Dann bat ich meine Tochter ihren Vater und Bruder zu holen. Während ich wartete dachte ich angestrengt nach, was wir mit der kleinen Tanne machen sollten. Wir konnten doch unmöglich beide mitnehmen?  Insgeheim hoffte ich natürlich, dass mein Sohn sie beim Anblick der großen und wunderschönen Tanne vergessen würde.

 

<< Oh, ist die aber groß<< entfuhr es Benedikt beim Anblick dieser stattlichen Tanne und auch mein Mann zog seine Augenbrauen leicht nach oben. Ein untrügliches Zeichen dafür, dass er mit unserer Wahl nicht ganz so  einverstanden war. Und während ich sie festhielt, als würde ich einen Schatz in meinen Händen halten, machte  mein Sohn zwei große Schritte auf die Tanne zu. Langsam ging er um sie herum und hielt ein paar Mal  sein Ohr ganz nah an den kleinen Ästen. Plötzlich trat er einen Schritt zurück, sah erst mich dann seinen Vater und seine Schwester an und verkündete laut:<< sie sagt keinen Ton<<

 Aus dieser Nummer kommst du nicht mehr heraus. Mir fiel beim besten Willen  nichts mehr ein, was ich jetzt noch hätte sagen konnte, um eine andere Tanne, als die winzig kleine, mit nachhause nehmen zu können. Im Geiste sah ich uns am Heilig Abend vor dieser winzig kleinen Tanne sitzen. Nicht mal groß genug , um auch nur ein einziges Geschenk darunter zu legen. Mir war zum Heulen zumute und dann plötzlich hörten wir, unter lautem Lachen, unsere Tochter sagen: 

<< aber mit mir hat sie geredet! Sie ist nämlich seine Mutter, das hat sie mir ganz deutlich gesagt, ich schwöre<<.
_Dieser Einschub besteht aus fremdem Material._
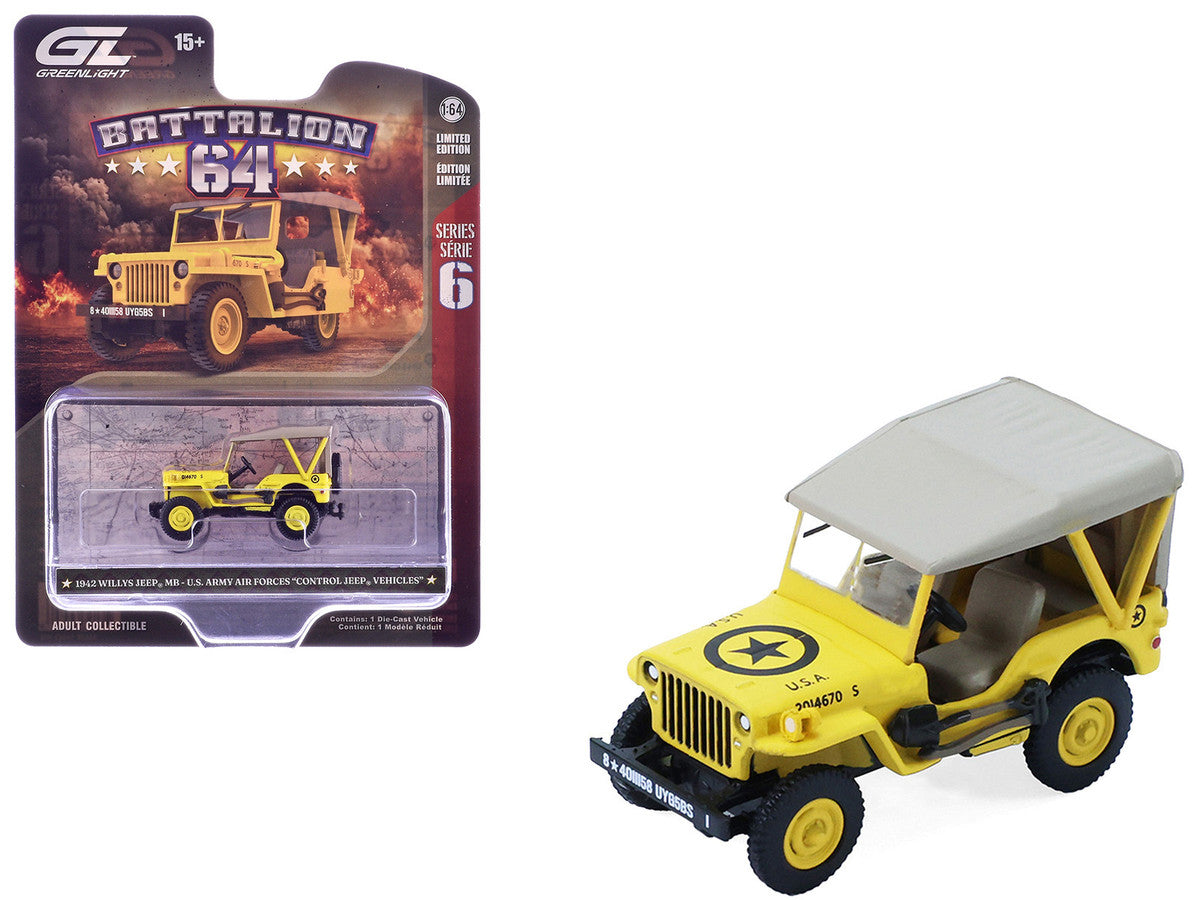 1942 Willys MB Jeep "Control Jeep - U.S. Army Air Forces" Yellow with Beige Top "Battalion 64" Series 6 1/64 Diecast Model Car by Greenlight Greenlight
<< In echt? << fragte mein Sohn erstaunt .

<< na klar<< antwortete seine große Schwester und zwinkerte mir und ihrem Vater verschwörerisch zu.

<< na, wenn das so ist, müssen wir wohl beide nehmen<< antwortete mein Mann lachend.

 So kam es, dass wir Weihnachten gleich zwei Tannen im Wohnzimmer hatten.

Eine große,  hell erleuchtet und wunderschön geschmückt und daneben eine winzig kleine mit ein paar kleinen Kugeln und selbstgebastelten Sternen.

Ich habe noch oft, in all den vergangenen Jahren, wenn mein Mann und ich und unsere Kinder,  am Samstag vor dem vierten Advent einen Baum für uns aussuchten, an dieses Erlebnis denken müssen.  Und eines habe ich dabei gelernt:

Es ist nicht wichtig immer nach Schönem und Großen Ausschau zu halten. Auch in kleinen, winzigen und beinah unscheinbaren Dingen steckt der Zauber der Weihnacht.